Tintin has asked for the wisdom of the Perl Monks concerning the following question:

I'm developing a Perl CGI admin script that allows a user to edit a configuration file. The config file is along the lines of:

$base='/home/foo';<BR> $logdir="$base/logs";<BR> $admindir="$base/logs";<BR>

etc. Obviously there are a lot more entries in the real config file.

At present, I'm in two minds as to how to handle editing of the file via a form.

1.) I can just do a 'require config'; and then use the values of the various variables set in the file, eg: $admindir. The only problem with this approach is if someone changes $base, then they will need to manually change all the other variablesas their values will be expanded.
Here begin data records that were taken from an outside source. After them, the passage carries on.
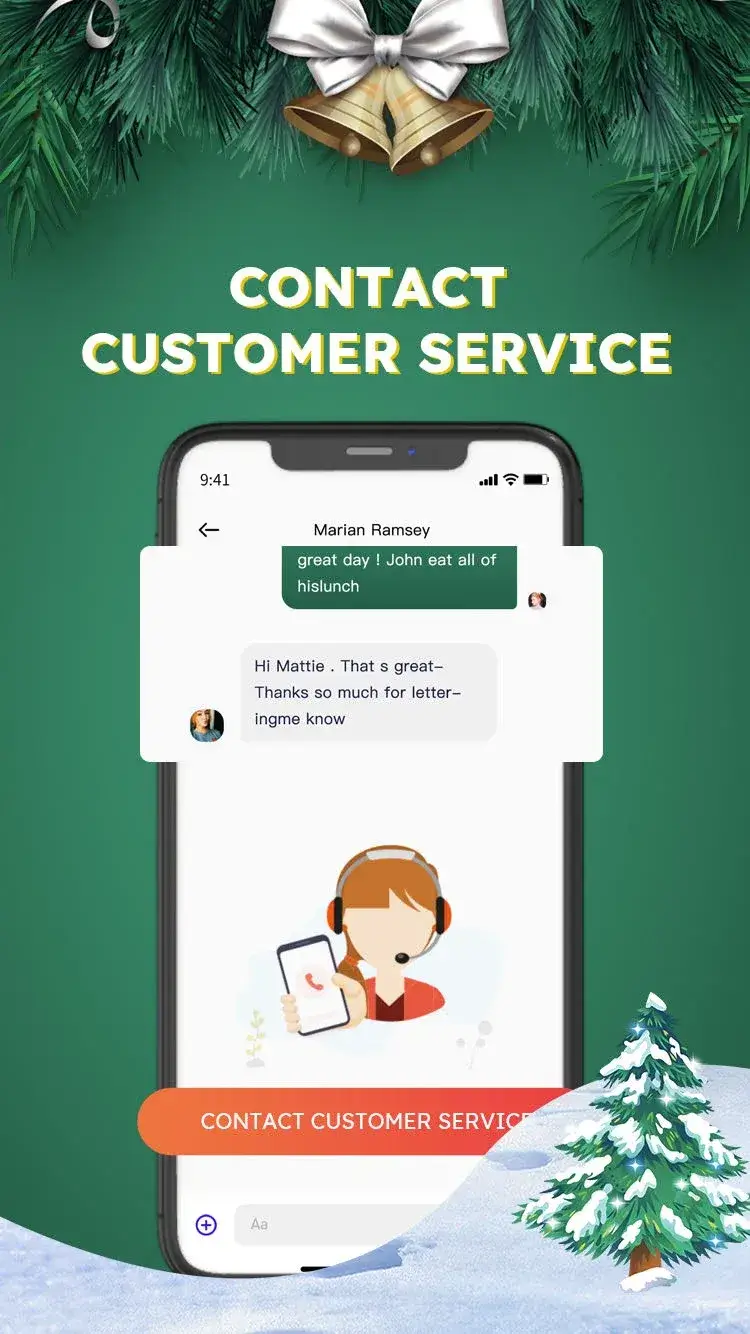 Screenshot ELK Credit APK v1.2.0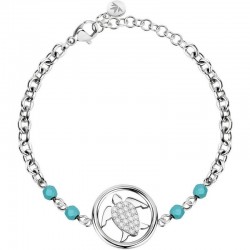 Pulsera Morellato Mujer Madagascar SATF13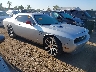 2B3CJ5DT4AH****** Salvamento y Destrozados 2010 Dodge Challenger en Cincinnati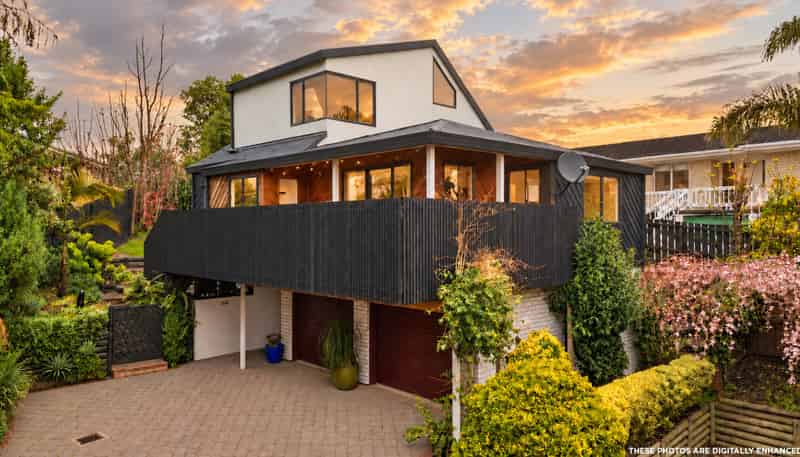 135C Mahoe Street, Melville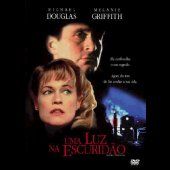 Uma Luz na Escuridão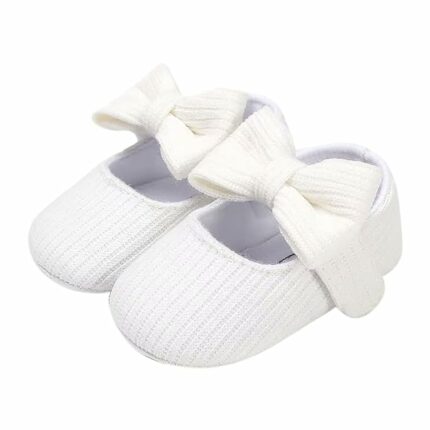 heartbury Cute and Colurful Baby Girls Shoes/Slippers/Socks Cozy Fleece Booties Soft Bottom Warm Stylish Shoes For Newborn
2.) Change the format of the config file and read it in by splitting the variable name and value, eg:

while (<CONFIG>) { next if (/^#/); ($var,$value) = split(/=/); $value =~ s/[\$,",',;]//g; $configvar{$var}=$value; }

Obviously approach one is much simplier, but flawed (for my purposes) and method two seems very messy.

I suspect I need to look at options 3, 4 and beyond. Opinions welcomed.

Replies are listed 'Best First'.
Re: Editing configuration file with a CGI Perl script
by jepri (Parson) on Jun 04, 2001 at 17:19 UTC
    The other options are to use one of CPANs marvellous Tie modules to load all the options from a configuration file into a hash. Much nicer for dealing with, and much lower maintenance. You have your choice of formats, from Windows to Apache style config files, and they are loaded in to a hash, so you could just iterate over the hash and create a textbox on the HTML page for each variable. This is very easy using HTML::Template.

    In fact, you could probably do the whole routine in about ten lines.

    ____________________
    Jeremy
    I didn't believe in evil until I dated it.